This is the kind of stuff that makes me roll my eyes. The 1st and 3rd sentences and the second half of the 2nd sentence contribute nothing to his argument. The bolded portion is the only non-duh thing he is saying here, but he offers no reason to believe it.

And he can't offer a reason to believe it because, as he correctly notes, we do not fully understand the principles of how the brain operates, therefore we cannot be sure that we can replicate its functioning in "other substrates".
"The Singularity Is Near" by Ray Kurzweil, How Close?? Quote
08-20-2010 , 05:11 PM
I'm not qualified to discuss the science part of this with you guys, but since this is also a philosophy forum, I put it to you: in what way is it not pragmatic to invest hope in the likelihood of radical advances happening in our lifetimes?

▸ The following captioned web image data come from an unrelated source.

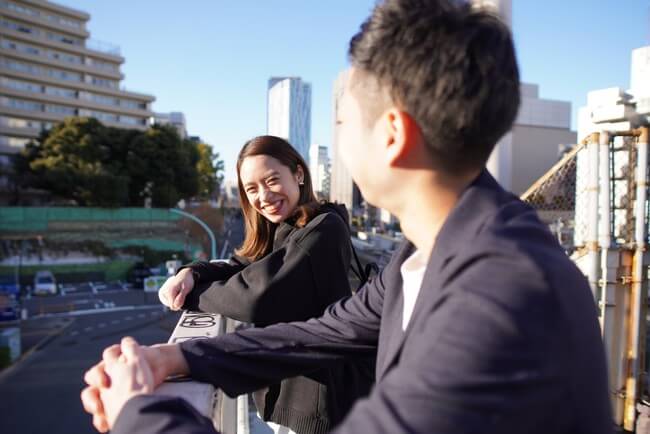 笑顔の女性と女性の方を向いている男性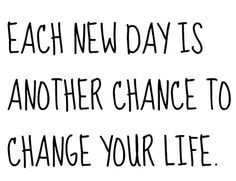 a black and white photo with the words each new day is another chance to change your life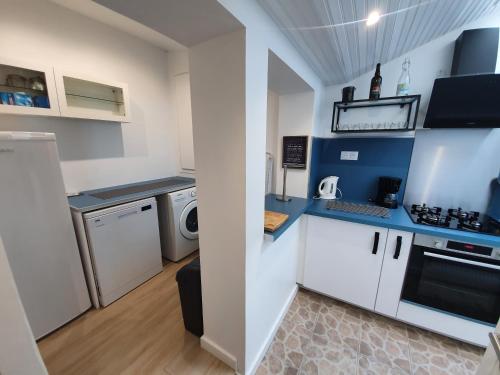 a kitchen with white cabinets and a washer and dryer at RACINES MARINES in Étaples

Personally I'm more interested in radical life extension than the singularity per se (though of course AI might be able to solve some of our problems in that area and so would be welcomed) since if we have indefinite time then the technology will inevitably come. Speaking for myself, if death is a certainty then nihilism is the only option, and believe me, nihilism is no fun. Take that certainty away (even just via cryonics) and life gains infinitely more meaning.
"The Singularity Is Near" by Ray Kurzweil, How Close?? Quote
08-20-2010 , 05:43 PM
When the opportunity cost of hoping for an unlikely future outweigh the prospective gains.

That was hard.
"The Singularity Is Near" by Ray Kurzweil, How Close?? Quote
08-20-2010 , 05:45 PM
Sorry, there's an opportunity cost of holding something inside one's brain?
"The Singularity Is Near" by Ray Kurzweil, How Close?? Quote
08-20-2010 , 05:50 PM
If it replaces focus on something more productive, yes. Attention is a scarce resource, long term room for information is not (there is evidence that there's no upper bound on memory storage...at least for feasible levels of acquisition).
"The Singularity Is Near" by Ray Kurzweil, How Close?? Quote
08-20-2010 , 11:13 PM
Quote:
Originally Posted by jb9
The latter.

I don't have any set views so I'm not being all Socratic to make any point but can you say what the common problem is with futurists? What about the nature of making certain claims (edit, a certain class of claims) about the future makes it impossible for any futurist to escape your threshold of loldom?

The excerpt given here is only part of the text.